The Matt Adams that we get to see at Hammons Field is the same Matt Adams that no one thought deserved to play Division I baseball, let alone deserve a 23rd round draft pick, a spot in Double-A or even a spot as one of baseball’s top first base prospects.
The Matt Adams that’s a legitimate Texas League triple crown contender with a .321 batting average, 24 home runs and 81 RBIS, isn’t supposed to be good enough.
The Matt Adams that’s a soft-spoken, humble guy with a habit of launching home runs on to the top of the Hammons Field training facility, has arrived as a player and a man.
See, Matt Adams didn’t belong in Division-I college baseball. At least that’s what they thought. So he went to Division-II Slippery Rock University and proved them wrong.
Adams, the Springfield Cardinals‘ first baseman, grew up in Philipsburg, a small town in central Pennsylvania. During his senior year in high school, he turned enough heads to get a scholarship offer to play baseball at the University of Pittsburgh, but at the last minute they told him they didn’t have room.
“They just over-recruited,” Adams said, “and me being the smaller town guy, they thought I wasn’t capable of playing up to their level.”
Pitt told Adams he had a spot on the team, but he would have to walk-on, which he couldn’t afford. So Adams decided to sign at Slippery Rock, where his high school coach played college ball. Slippery Rock head coach Jeff Messer said he couldn’t help but smile when Pitt passed on Adams.
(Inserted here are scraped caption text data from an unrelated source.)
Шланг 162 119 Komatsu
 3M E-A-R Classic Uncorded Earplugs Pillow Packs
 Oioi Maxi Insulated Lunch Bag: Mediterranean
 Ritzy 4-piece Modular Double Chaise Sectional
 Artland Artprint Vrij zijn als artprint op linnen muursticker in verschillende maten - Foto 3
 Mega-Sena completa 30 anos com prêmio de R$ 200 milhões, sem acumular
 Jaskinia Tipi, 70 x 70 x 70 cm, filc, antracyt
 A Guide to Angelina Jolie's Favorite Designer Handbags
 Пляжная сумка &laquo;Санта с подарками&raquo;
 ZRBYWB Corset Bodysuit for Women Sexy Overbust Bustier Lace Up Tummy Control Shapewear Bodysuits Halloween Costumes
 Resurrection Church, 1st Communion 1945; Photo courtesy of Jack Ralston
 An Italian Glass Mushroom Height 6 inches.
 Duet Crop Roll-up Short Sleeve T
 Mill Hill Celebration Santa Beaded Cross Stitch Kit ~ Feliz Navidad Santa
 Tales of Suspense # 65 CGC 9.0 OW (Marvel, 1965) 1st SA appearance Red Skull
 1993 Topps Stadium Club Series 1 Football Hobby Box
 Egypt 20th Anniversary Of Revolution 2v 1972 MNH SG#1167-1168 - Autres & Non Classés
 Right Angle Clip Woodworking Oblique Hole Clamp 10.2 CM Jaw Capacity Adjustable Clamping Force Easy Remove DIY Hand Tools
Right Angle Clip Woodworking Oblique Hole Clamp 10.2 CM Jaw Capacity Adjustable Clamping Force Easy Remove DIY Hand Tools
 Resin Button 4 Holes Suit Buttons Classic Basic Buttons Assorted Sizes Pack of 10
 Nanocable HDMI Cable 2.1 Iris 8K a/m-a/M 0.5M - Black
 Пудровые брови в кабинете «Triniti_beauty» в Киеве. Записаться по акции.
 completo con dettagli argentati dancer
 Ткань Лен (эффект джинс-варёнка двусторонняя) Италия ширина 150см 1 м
“We knew what we were getting and we were very excited that Pitt wasn’t the place to go and he chose to go to Slippery Rock,” Messer said. “It was a no-brainer that he was going to be a very good player for us.”
His freshman year, he showed the Panthers what they were missing, leading Slippery Rock with a .421 average, 24 doubles and five home runs. He was upset that Pittsburgh turned him down, but he was determined to make the best of things at Slippery Rock.
“I tried to fit in with the guys they had on the team and just adjust to it and go about my business the right way there,” Adams said.
Adams led the Rock in batting average, doubles, home runs and RBIs his next two seasons. His junior year, he won the Division-II batting title with a .495 batting average.
“That was with people pitching around him,” Messer said. “From his freshman year on, the conference was pretty aware of what he was capable of doing so a lot of the offensive numbers he put up were with guys pitching around him.”
After his junior season, he decided it was time to move on — to the pros.
Matt Adams didn’t belong in the first 22 rounds of the draft. At least that’s what they thought. So the Cardinals grabbed him in the 23rd round.
Adams is a very humble guy, but he is also confident of what caliber player he is. He decided that if they didn’t see it right away, well, he would just make sure they noticed eventually.
Phillip Wellman, Adams’ hitting coach in Springfield, said that this quality is what makes Adams the player he is.
“He’s extremely humble and that’s what allows him to stay on an even keel and keep a positive attitude,” Wellman said. “There’s not much that gets him down and I think that’s an element in any player’s ability to improve is to admit what your weaknesses are.”
If Adams had many weaknesses, they certainly weren’t apparent his first two years in the minors. He worked his way through two rookie leagues and Low-A by doing what he’s always done: drive the ball gap to gap, hit for average, hit for power and drive in runs. Adams is a big guy, listed at 6-foot-3 and 230 pounds (admittedly a little bigger), but he’s at his best when he’s lining the ball into the gaps instead of swinging for the fences.
In the 2010 season, Adams hit .310 with 41 doubles in Low-A. The Cardinals decided that the 699th overall pick in the 2009 draft had suddenly become a prospect.
Matt Adams didn’t belong in High-A. At least that’s what they thought. So the Cardinals sent him straight to Springfield to start the season in Double-A.
“There’s a reason why there’s different levels,” Wellman said. “You progress normally one level to the next. Him skipping a level, we knew he might hit a few bumps in the road. In the meetings we all believed the kind of person he was and the attitude that he possesses was going to allow him to overcome any bumps in the road, and he has.”
The bumps came early for Adams, he struggled in the first two weeks of the season, rushing his swing and trying to do too much. He credits Wellman with helping him get back on track.
“I was rushing everything with my load and my set up,” Adams said. “He taught me how to slow things down and get into a good hitting position.”
It has been working ever since. This season, Adams is hitting .321/.374/.606. He also leads the team with 21 doubles, 24 home runs and 81 RBIs.
The left-handed Adams has that textbook swing that looks effortless. He stays compact the whole time and then explodes to the ball and follows through with great fluidity. He’ll say it’s a product of going to the batting cage everyday, but there’s some things you just can’t teach.
“I think at birth, he was a hitter,” Messer said. “A lot of people want to take credit for what he does with the bat, I’m not going to do that. He’s just a born hitter.”
The big league Cardinals have been set at first base for the past decade or so with Albert Pujols. So all of a sudden, Adams, the 23rd round pick, kept coming up in all kinds of trade rumors. We will have a much better idea of Adams’ place in the organization when Pujols becomes a free agent this offseason. Adams isn’t too worried about all that, he’s just going to keep doing what he always has: work hard and get hits.
“I don’t really pay attention,” Adams said. “I just let it do its thing and come to the ballpark ready to play.”
For now he is enjoying minor league life as much as he can, but he definitely has his eyes on bigger things.
“The longer he’s here, you realize that he has an innate ability to make adjustments on the fly,” Wellman said. “Those are the characteristics you find in a big league hitter, I have no doubt in my mind someday we’re going to be watching him play on TV.”
Major League Baseball may finally be the place where Matt Adams belongs, no matter what they think.